To crisp the tortillas, heat a frying pan and cook one tortilla at a time, about 2 minutes on each side, or until crispy. (Alternatively, heat over to 400 degrees, and place all tortillas on a baking sheet. Bake for about 15 minutes, flipping the tortillas halfway through, until crispy).

For the Secret Guacamole
2 ripe avocados
3/4 c medium spicy salsa
1/2 c chopped cilantro
juice from one lime
salt and pepper, to taste

Peel and chop the avocados. Mix with fork (or potato masher) in medium-sized bowl until avocado is more smooth and less chunky. Be sure to leave a few chunks of avocado, though. Stir in the salsa, cilantro and lime. Taste and add salt and pepper if needed. 

To assemble the tostada: Start with a crispy tortilla. Smear on the bean mixture. Add a few spoonfuls of rice on top of that. Pile spinach, tomatoes, and cheese on top. Dollop some guacamole on top. 

Monday, September 26, 2011

Thai Curry Stir-fry with Quinoa



This is probably one of my favorite meals.  And, it's packed with nutritional benefits too! Fresh vegetables, whole grains and high fiber. And you can use whatever vegetables you have on hand, so it's great for cleaning out the fridge. But, the best part? It's a one-bowl meal. I really like meals where you just need a bowl to eat them. Everything can mix together, and something about it makes it feel warm and cozy. (Maybe because I can wrap my cold hands around the warm bowl?)

Now, there are two ways you can make this. You can either make the curry sauce from scratch, or cheat and use a jarred curry sauce. I cheated. I used Trader Joe's red curry sauce. And, it was awesome.

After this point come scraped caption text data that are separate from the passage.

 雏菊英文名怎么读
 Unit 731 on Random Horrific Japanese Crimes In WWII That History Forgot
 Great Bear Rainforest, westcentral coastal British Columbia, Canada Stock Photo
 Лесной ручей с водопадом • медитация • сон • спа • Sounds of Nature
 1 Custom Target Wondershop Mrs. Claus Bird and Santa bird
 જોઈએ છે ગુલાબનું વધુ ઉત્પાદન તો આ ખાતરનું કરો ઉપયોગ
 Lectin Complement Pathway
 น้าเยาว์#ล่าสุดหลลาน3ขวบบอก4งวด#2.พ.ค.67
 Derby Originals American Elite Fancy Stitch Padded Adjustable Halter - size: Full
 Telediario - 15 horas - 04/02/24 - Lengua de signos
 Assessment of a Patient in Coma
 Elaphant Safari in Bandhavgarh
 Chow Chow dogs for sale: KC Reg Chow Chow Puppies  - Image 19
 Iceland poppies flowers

I always get water going to cook my grain first (whether it's quinoa or brown rice, or whatever). While you're waiting for the water to boil, get the vegetables chopped. I had some help with the chopping in the kitchen!

The other way I cheat when cooking quinoa is to skip the rinse! (For shame, I know). I tried it once, and what a pain! After all those little grains get wet, they stick to everything! They stick to the colander you used to rinse them, they stick to the spoon you had to use to scoop them out, and there are bound to be little quinoa grains haunting your kitchen for days after. So, I skip this step. I know, quinoa supposedly has a bitter soap-like coating on the grain that can make your quinoa taste bitter. But, I haven't noticed a change in taste at all. If I did, I might put up with the pain of rinsing the quinoa. For now, though, I am officially NOT a quinoa rinser.


I do like my quinoa fluffy, though. And here's the trick I use for that. Once all the water is absorbed and the grains are cooked through, remove from heat, put a cotton towel over the pot, and replace the lid. Let the quinoa sit like this until you are ready to serve. I'm not sure why this works. Maybe something about the towel absorbing the steam so the quinoa doesn't get too mushy from just sitting around?





I think this is one of those dinners you can make quickly on a busy weeknight. In the time it takes to cook the quinoa, you can have your veggies chopped and sautéing away and dinner can be ready in about 1/2 hour. Not to bad! Plus you get a bonus hand-warmer from holding the bowl. And, it's pretty tasty too!



Use this recipe as a guide. Use whatever vegetables you have. And, you can vary the amounts depending on how big your pan is, and how many people will be eating.


Thai Curry Stir-Fry with Quinoa


1 c dry quinoa
2 cups water or broth
2-3 cloves garlic
3 small eggplant, chopped into large bite-sized pieces
1 small onion, chopped
3-4 sliced carrots
3 large handfuls spinach
1 can bamboo shoots
1 block extra firm tofu, sliced
1 jar red curry sauce
olive oil

Pour water or broth into medium-sized saucepan and bring to boil. When boiling, add quinoa, reduce heat to a simmer and cover for about 15 minutes. After the quinoa is done cooking, remove from heat. Place cotton towel over pan and replace the lid. Let sit until ready to serve.

While waiting for water to boil, begin chopping and slicing all your vegetables. Then, heat some olive oil in a frying pan and briefly fry the tofu on all sides, remove tofu from pan and add garlic, onions, and carrots. Sauté until they begin to soften, then add eggplant and bamboo shoots. Once all the vegetables are softened, add the curry sauce and spinach. Cook for a few more minutes to wilt the spinach.

Then spoon quinoa into a bowl and top with the vegetable curry.